Pero, como todo lo que se da por sentado, conviene revisar y delimitar la aplicabilidad de la tesis del canciller de la catedral de Chartres. Física y ciencias de base empírica (es decir, ciencias reales en contraposición con las ciencias sociales o ciencias-que-no-son-ciencias): bien, el asunto funciona. Matemáticas y disciplinas lingüísticas de base lógica: perfectamente. Vida en general y cuestiones humanas: meh. A priori sí, y ese es el problema: parece lógico pensar que leer mucho sobre cuestiones humanas pueda suplantar la sabiduría que da la experiencia. Ayuda, claro, y prepara el terreno de juego para asimilar mejor lo que ocurre, pero, en términos generales, en cuanto a la vida cada generación sí empieza desde cero. Debido quizá al grado de dureza de nuestra mollera o a la contundencia con que la vida enseña las cosas (comparable a la de un martillo neumático o la bomba H), el conocimiento sobre las cuestiones que nos atañen en cuanto seres humanos, es decir, sobre el meollo, hay que ganárselo a base de castañas.

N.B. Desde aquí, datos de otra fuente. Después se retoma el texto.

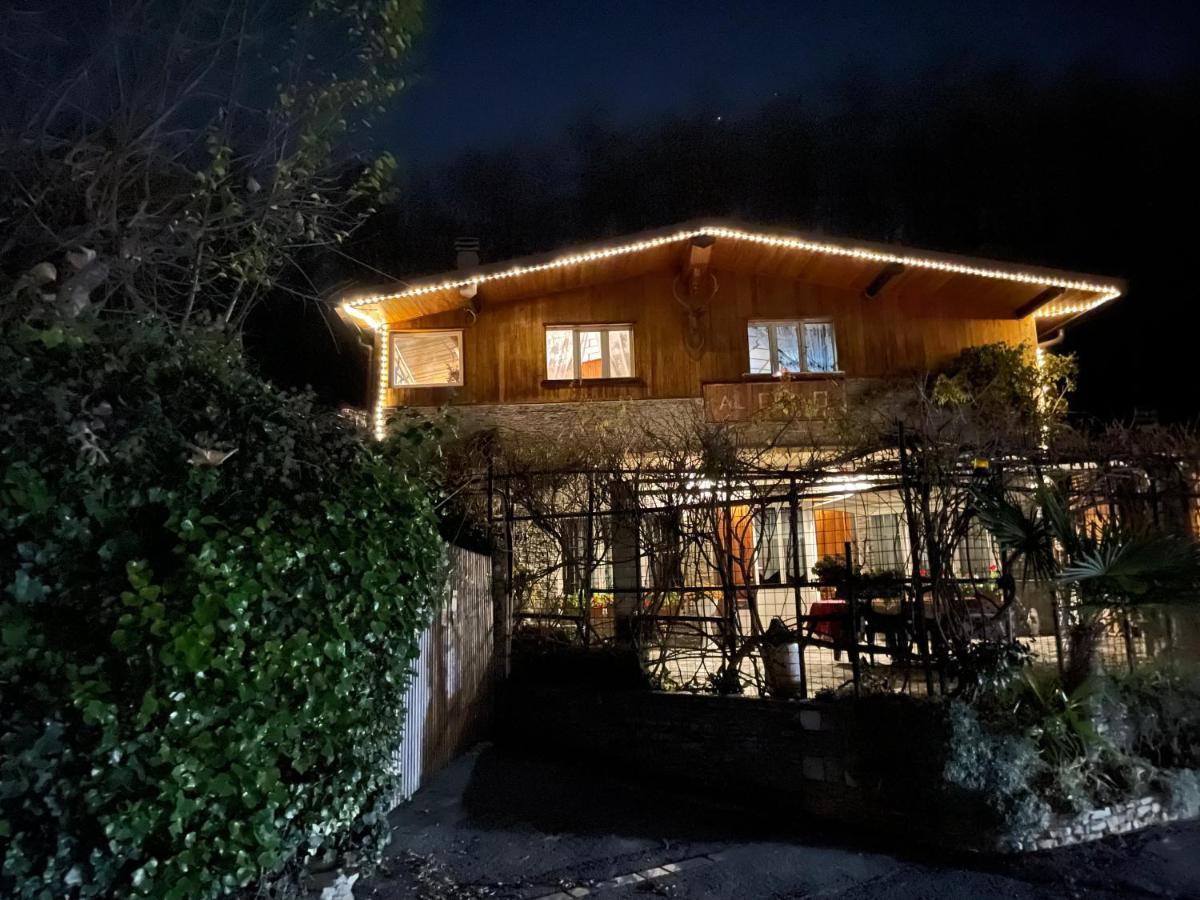 Al Cervo Tra I Laghi Bed & Breakfast Tavernerio Ngoại thất bức ảnh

Esto es importante en varios sentidos:
En primer lugar, implica que por mucho que nos empeñemos en pensar lo contrario, quien tiene más años siempre sabe más. En igualdad de condiciones, los ancianos son mejores, sin matices ni cortapisas. Son los mejores porque son los más sabios.
En segundo lugar, significa que el mantra de que el progreso es lineal es una patraña. Respecto a lo que de verdad importa, un anciano de la época de Pericles sabe más que cualquier joven con ínfulas nacido o por nacer. Ese aprendizaje es cíclico: termina con cada muerte y comienza con cada nacimiento. Por ello cada anciano es un doble tesoro; en razón de su sabiduría y de la cercanía de su partida. Callan mucho porque saben mucho, y porque saben mucho están menos seguros de todo, excepto de sus principios.
Que elijamos perder el tiempo frente a pantallas hipnóticas de luces y colores mientras los mejores se llevan sus mejores historias explica bastante bien lo que somos. He aquí otro argumento contra el progreso lineal: quizá deberíamos dejar de mirar por encima del hombro a culturas que al llegar la noche se congregaban en torno a sus mayores para escuchar historias antiguas. Compárenlo con nuestras veladas y verán qué sonrojo.
En tercer lugar, evidencia que conviene no subestimar las tradiciones aunque no las entendamos: si es cierto que la tradición permite que los muertos opinen, entonces quizá ellos nos ayuden a engañar a nuestra propia estupidez.
Por último, y quizá más importante, que las ciencias duras (es decir, las ciencias) sean más acumulativas que las humanidades sugiere que las cuestiones relacionadas con las ciencias son más simples que las cuestiones relacionadas con lo humano. Soportan bien el enfoque analítico porque tienen menos variables y son más fáciles de medir, lo que ayuda a establecer relaciones causales. Quizá los pesos y medidas sean útiles para estudiar el espíritu en un par de milenios, si es que para entonces tenemos máquinas y profesionales capaces de manejarse con trillones de variables (lo que es poco probable) que además están sujetas al libre albedrío (por lo que es extremadamente poco probable).
Sin entrar a desmontar el mito de que las ciencias sociales son ciencias, tarea que empieza a ser urgente pero que no cabe en esta entrada, sí conviene avisar a navegantes de que, para cualquier aspecto relacionado con el meollo, tanto la abuela como Dostoyevski saben infinitamente más que ese batallón de neuropsicólogos, sociólogos, politólogos y otros –ólogos que te preparan sin despeinarse una regresión logística pero que terminan por saber muy poquito sobre qué cosa sea la persona.